25.06.2007

cadavre

Bizarrement le corps semblait ratatiné dans le cercueuil, alors qu'il était encore bien rempli la veille, lors de son admission. Le croque-mort ne voulait pas qu'on touche le corps, la boîte finale était verrouillée et personne ne pouvait palper le cadavre qui semblait rétrécir sur lui-même. Nous fîmes rouvrir le caveau après deux ans de procédure et le cercueil ne ressemblait pas à celui qu'on y avait mis.

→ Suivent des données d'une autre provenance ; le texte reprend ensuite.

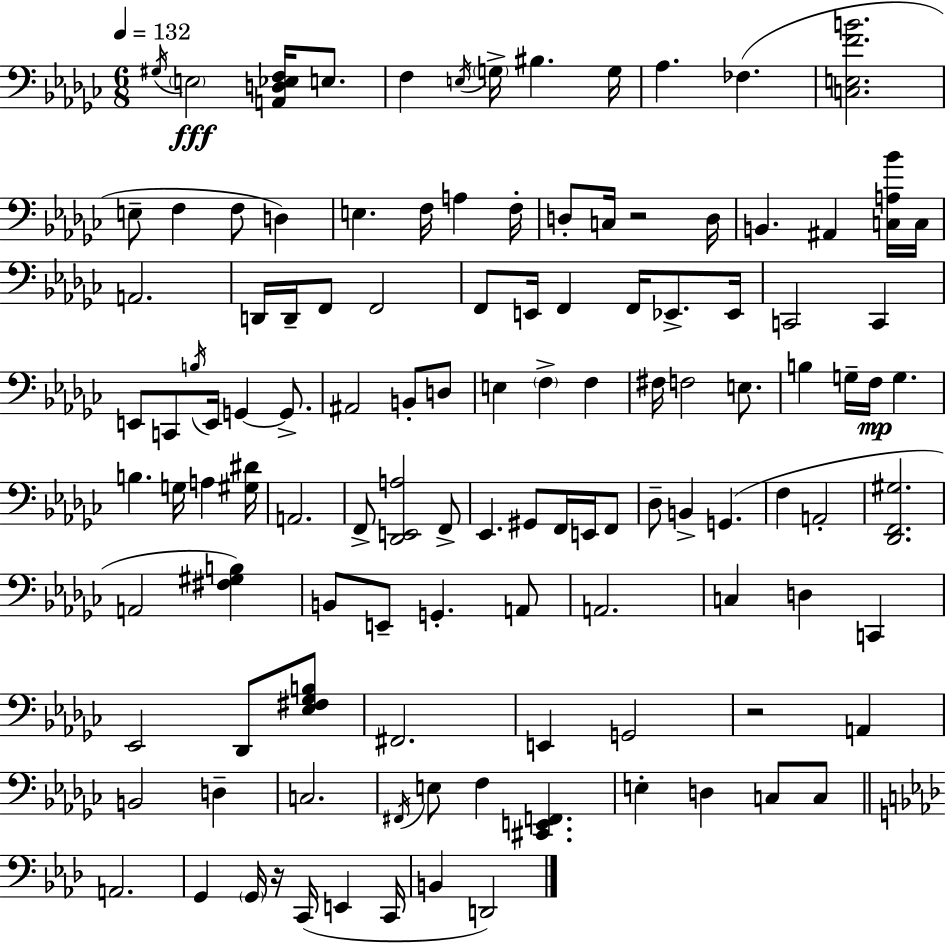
X:1
T:Untitled
M:6/8
L:1/4
K:Ebm
^G,/4 E,2 [A,,D,_E,F,]/4 E,/2 F, E,/4 G,/4 ^B, G,/4 _A, _F, [C,E,FB]2 E,/2 F, F,/2 D, E, F,/4 A, F,/4 D,/2 C,/4 z2 D,/4 B,, ^A,, [C,A,_B]/4 C,/4 A,,2 D,,/4 D,,/4 F,,/2 F,,2 F,,/2 E,,/4 F,, F,,/4 _E,,/2 _E,,/4 C,,2 C,, E,,/2 C,,/2 B,/4 E,,/4 G,, G,,/2 ^A,,2 B,,/2 D,/2 E, F, F, ^F,/4 F,2 E,/2 B, G,/4 F,/4 G, B, G,/4 A, [^G,^D]/4 A,,2 F,,/2 [_D,,E,,A,]2 F,,/2 _E,, ^G,,/2 F,,/4 E,,/4 F,,/2 _D,/2 B,, G,, F, A,,2 [_D,,F,,^G,]2 A,,2 [^F,^G,B,] B,,/2 E,,/2 G,, A,,/2 A,,2 C, D, C,, _E,,2 _D,,/2 [_E,^F,_G,B,]/2 ^F,,2 E,, G,,2 z2 A,, B,,2 D, C,2 ^F,,/4 E,/2 F, [^C,,E,,F,,] E, D, C,/2 C,/2 A,,2 G,, G,,/4 z/4 C,,/4 E,, C,,/4 B,, D,,2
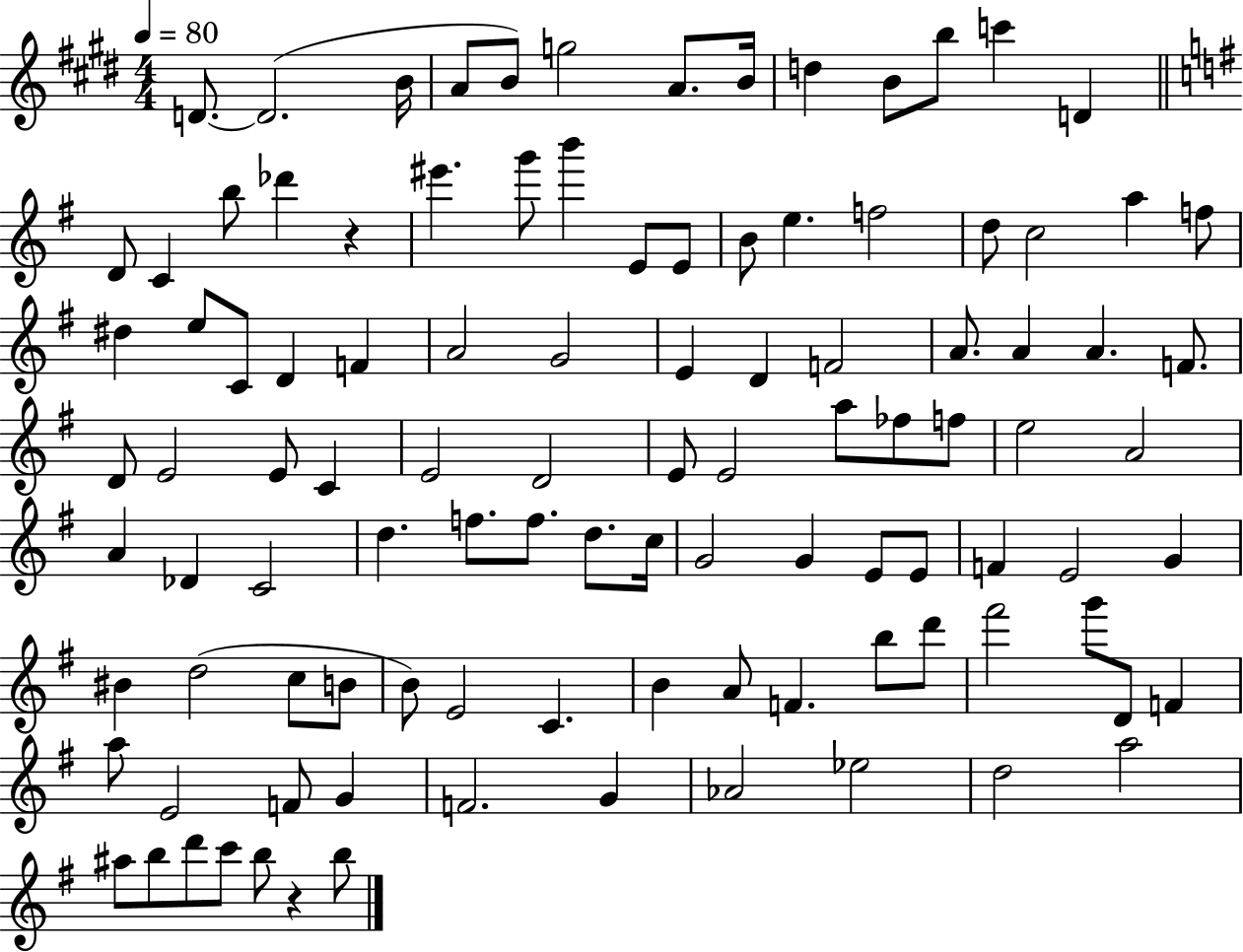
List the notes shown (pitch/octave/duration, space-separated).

D4/e. D4/h. B4/s A4/e B4/e G5/h A4/e. B4/s D5/q B4/e B5/e C6/q D4/q D4/e C4/q B5/e Db6/q R/q EIS6/q. G6/e B6/q E4/e E4/e B4/e E5/q. F5/h D5/e C5/h A5/q F5/e D#5/q E5/e C4/e D4/q F4/q A4/h G4/h E4/q D4/q F4/h A4/e. A4/q A4/q. F4/e. D4/e E4/h E4/e C4/q E4/h D4/h E4/e E4/h A5/e FES5/e F5/e E5/h A4/h A4/q Db4/q C4/h D5/q. F5/e. F5/e. D5/e. C5/s G4/h G4/q E4/e E4/e F4/q E4/h G4/q BIS4/q D5/h C5/e B4/e B4/e E4/h C4/q. B4/q A4/e F4/q. B5/e D6/e F#6/h G6/e D4/e F4/q A5/e E4/h F4/e G4/q F4/h. G4/q Ab4/h Eb5/h D5/h A5/h A#5/e B5/e D6/e C6/e B5/e R/q B5/e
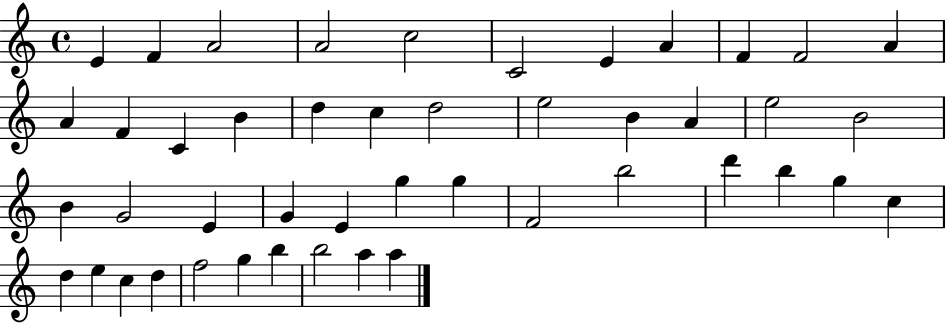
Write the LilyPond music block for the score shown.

{
  \clef treble
  \time 4/4
  \defaultTimeSignature
  \key c \major
  e'4 f'4 a'2 | a'2 c''2 | c'2 e'4 a'4 | f'4 f'2 a'4 | \break a'4 f'4 c'4 b'4 | d''4 c''4 d''2 | e''2 b'4 a'4 | e''2 b'2 | \break b'4 g'2 e'4 | g'4 e'4 g''4 g''4 | f'2 b''2 | d'''4 b''4 g''4 c''4 | \break d''4 e''4 c''4 d''4 | f''2 g''4 b''4 | b''2 a''4 a''4 | \bar "|."
}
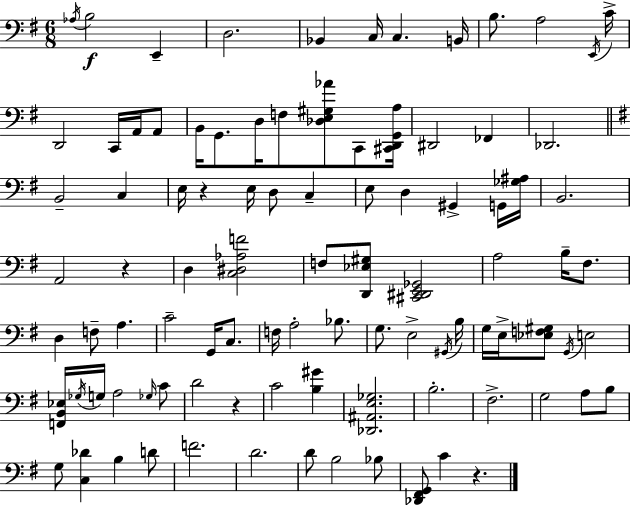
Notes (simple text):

Ab3/s B3/h E2/q D3/h. Bb2/q C3/s C3/q. B2/s B3/e. A3/h E2/s C4/s D2/h C2/s A2/s A2/e B2/s G2/e. D3/s F3/e [Db3,E3,G#3,Ab4]/e C2/e [C#2,D2,G2,A3]/s D#2/h FES2/q Db2/h. B2/h C3/q E3/s R/q E3/s D3/e C3/q E3/e D3/q G#2/q G2/s [Gb3,A#3]/s B2/h. A2/h R/q D3/q [C3,D#3,Ab3,F4]/h F3/e [D2,Eb3,G#3]/e [C#2,D#2,E2,Gb2]/h A3/h B3/s F#3/e. D3/q F3/e A3/q. C4/h G2/s C3/e. F3/s A3/h Bb3/e. G3/e. E3/h G#2/s B3/s G3/s E3/s [Eb3,F3,G#3]/e G2/s E3/h [F2,B2,Eb3]/s Gb3/s G3/s A3/h Gb3/s C4/e D4/h R/q C4/h [B3,G#4]/q [Db2,A#2,E3,Gb3]/h. B3/h. F#3/h. G3/h A3/e B3/e G3/e [C3,Db4]/q B3/q D4/e F4/h. D4/h. D4/e B3/h Bb3/e [Db2,F#2,G2]/e C4/q R/q.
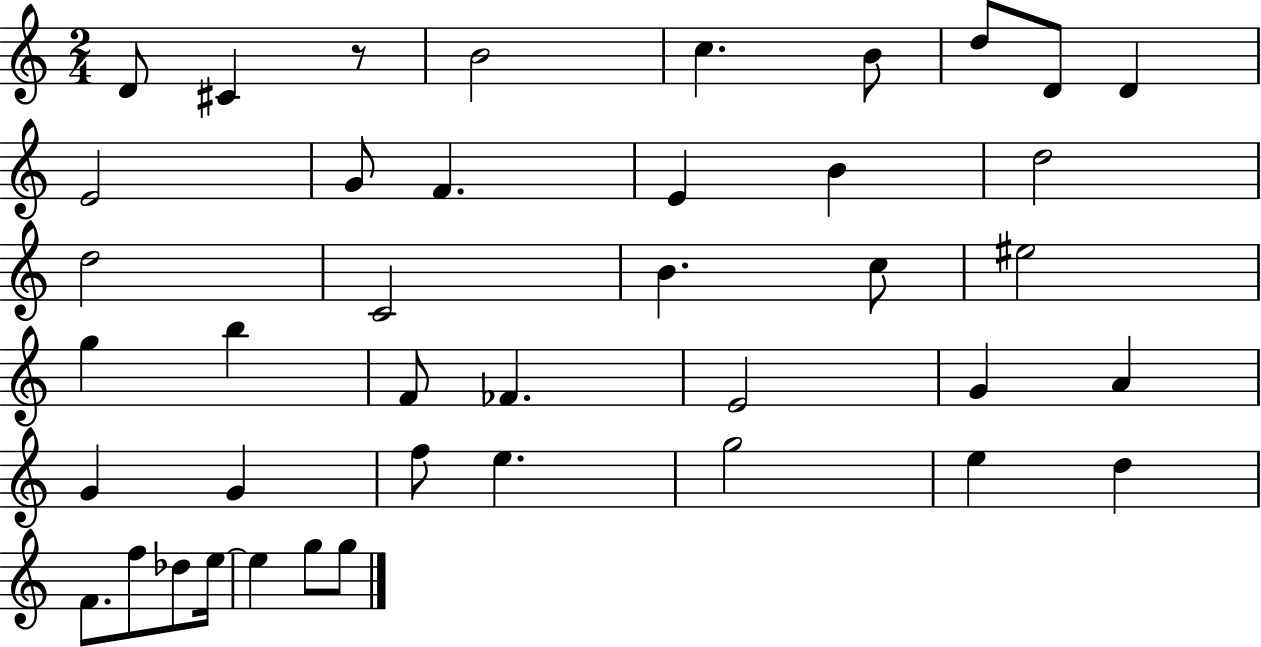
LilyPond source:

{
  \clef treble
  \numericTimeSignature
  \time 2/4
  \key c \major
  d'8 cis'4 r8 | b'2 | c''4. b'8 | d''8 d'8 d'4 | \break e'2 | g'8 f'4. | e'4 b'4 | d''2 | \break d''2 | c'2 | b'4. c''8 | eis''2 | \break g''4 b''4 | f'8 fes'4. | e'2 | g'4 a'4 | \break g'4 g'4 | f''8 e''4. | g''2 | e''4 d''4 | \break f'8. f''8 des''8 e''16~~ | e''4 g''8 g''8 | \bar "|."
}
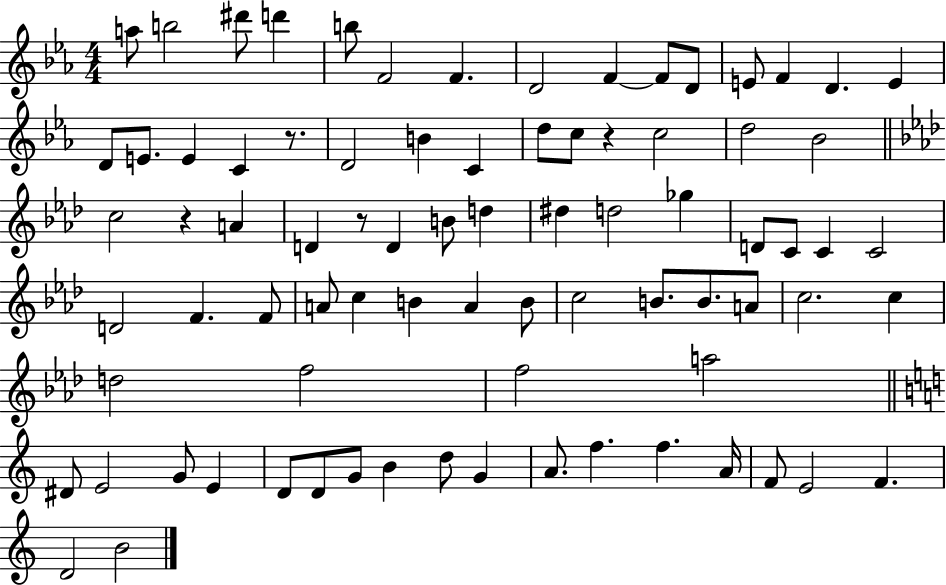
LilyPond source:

{
  \clef treble
  \numericTimeSignature
  \time 4/4
  \key ees \major
  a''8 b''2 dis'''8 d'''4 | b''8 f'2 f'4. | d'2 f'4~~ f'8 d'8 | e'8 f'4 d'4. e'4 | \break d'8 e'8. e'4 c'4 r8. | d'2 b'4 c'4 | d''8 c''8 r4 c''2 | d''2 bes'2 | \break \bar "||" \break \key aes \major c''2 r4 a'4 | d'4 r8 d'4 b'8 d''4 | dis''4 d''2 ges''4 | d'8 c'8 c'4 c'2 | \break d'2 f'4. f'8 | a'8 c''4 b'4 a'4 b'8 | c''2 b'8. b'8. a'8 | c''2. c''4 | \break d''2 f''2 | f''2 a''2 | \bar "||" \break \key a \minor dis'8 e'2 g'8 e'4 | d'8 d'8 g'8 b'4 d''8 g'4 | a'8. f''4. f''4. a'16 | f'8 e'2 f'4. | \break d'2 b'2 | \bar "|."
}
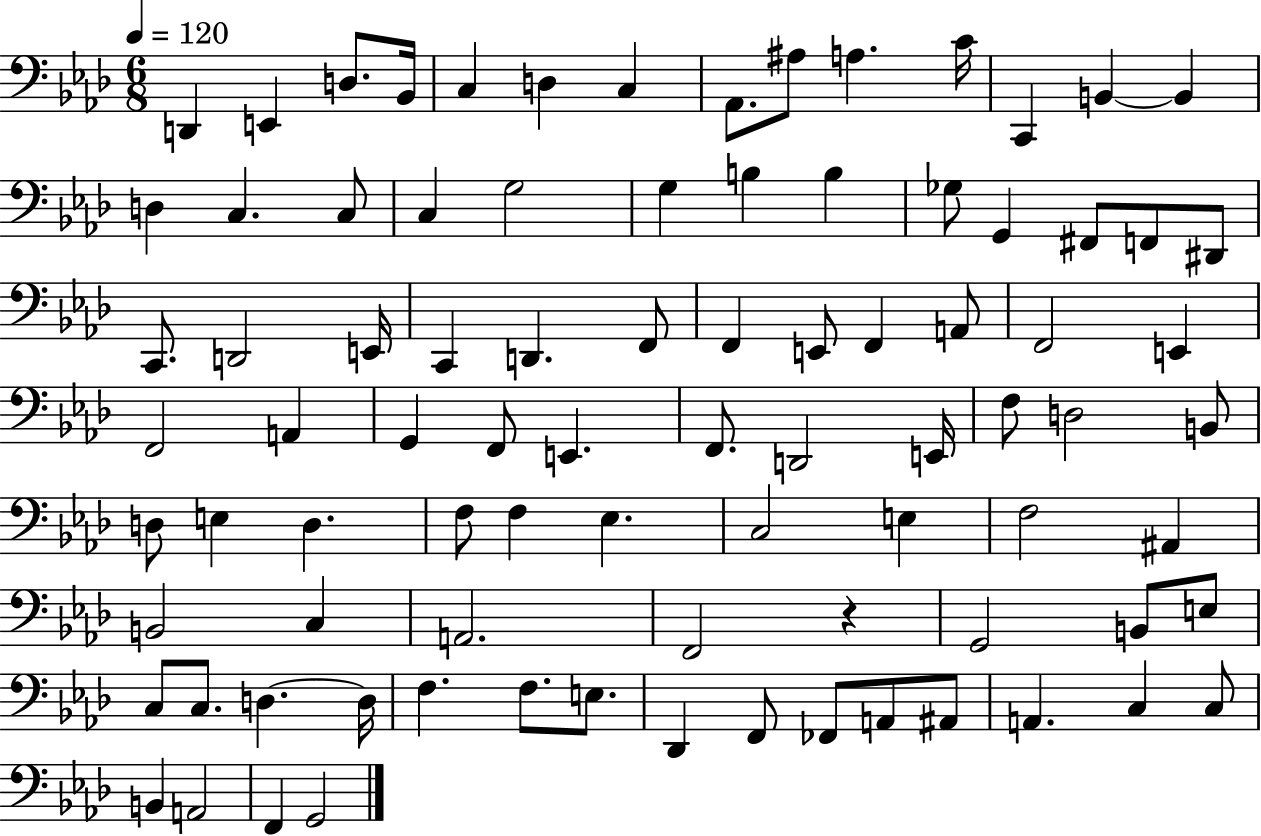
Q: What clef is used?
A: bass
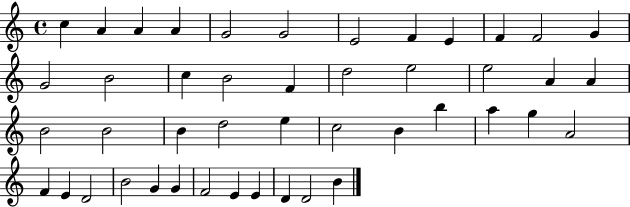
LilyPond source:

{
  \clef treble
  \time 4/4
  \defaultTimeSignature
  \key c \major
  c''4 a'4 a'4 a'4 | g'2 g'2 | e'2 f'4 e'4 | f'4 f'2 g'4 | \break g'2 b'2 | c''4 b'2 f'4 | d''2 e''2 | e''2 a'4 a'4 | \break b'2 b'2 | b'4 d''2 e''4 | c''2 b'4 b''4 | a''4 g''4 a'2 | \break f'4 e'4 d'2 | b'2 g'4 g'4 | f'2 e'4 e'4 | d'4 d'2 b'4 | \break \bar "|."
}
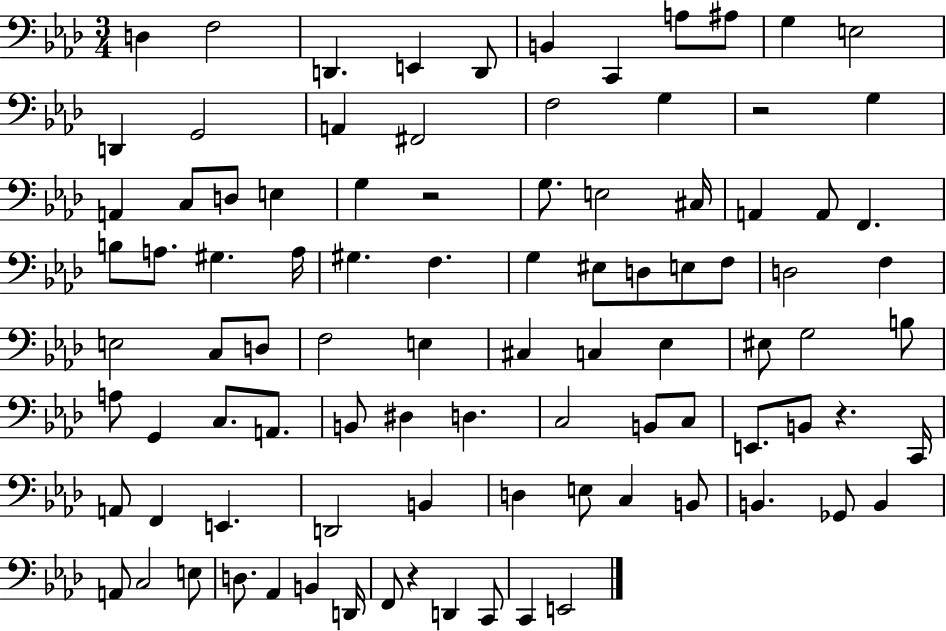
{
  \clef bass
  \numericTimeSignature
  \time 3/4
  \key aes \major
  d4 f2 | d,4. e,4 d,8 | b,4 c,4 a8 ais8 | g4 e2 | \break d,4 g,2 | a,4 fis,2 | f2 g4 | r2 g4 | \break a,4 c8 d8 e4 | g4 r2 | g8. e2 cis16 | a,4 a,8 f,4. | \break b8 a8. gis4. a16 | gis4. f4. | g4 eis8 d8 e8 f8 | d2 f4 | \break e2 c8 d8 | f2 e4 | cis4 c4 ees4 | eis8 g2 b8 | \break a8 g,4 c8. a,8. | b,8 dis4 d4. | c2 b,8 c8 | e,8. b,8 r4. c,16 | \break a,8 f,4 e,4. | d,2 b,4 | d4 e8 c4 b,8 | b,4. ges,8 b,4 | \break a,8 c2 e8 | d8. aes,4 b,4 d,16 | f,8 r4 d,4 c,8 | c,4 e,2 | \break \bar "|."
}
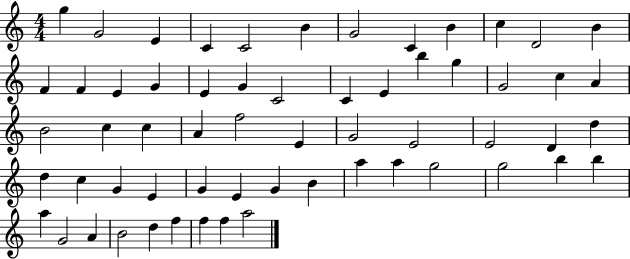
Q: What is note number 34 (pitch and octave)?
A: E4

L'Inspecteur Moussa se frotta la tête de désespoir. Comment contrer des gens aussi soudés entre eux? A l'hôpital la vérité se faisait jour. Le médecin de garde était impliqué, il avait donné une heure fausse pour l'arrivée du décès de la patiente. Madame Lachaya était arrivée en bonne forme à l'hôpital et après lui avoir fait signer une décharche d'autorisation de prélèvement d'organnes, tout un service s'était liguée contre elle et lui avait donné la mort...Le fils de Lachaya était mort peu de temps avant dans ce même hôpital et à son enterrement, Lachaya l'avait trouvé tellement amaigri qu'elle s'était convaincue d'un traffic d'organnes à l'hôpital.

Non seulement le cercueil ne correspondait pas à celui qu'on avait mis, mais preuve indéniable d'une falsification: le crane du cadavre était intact alors que le fils de Lachaya s'était suicidé d'uine balle dans la tête. L'Inspecteur se dit qu'il avait là un scoop pour le journal!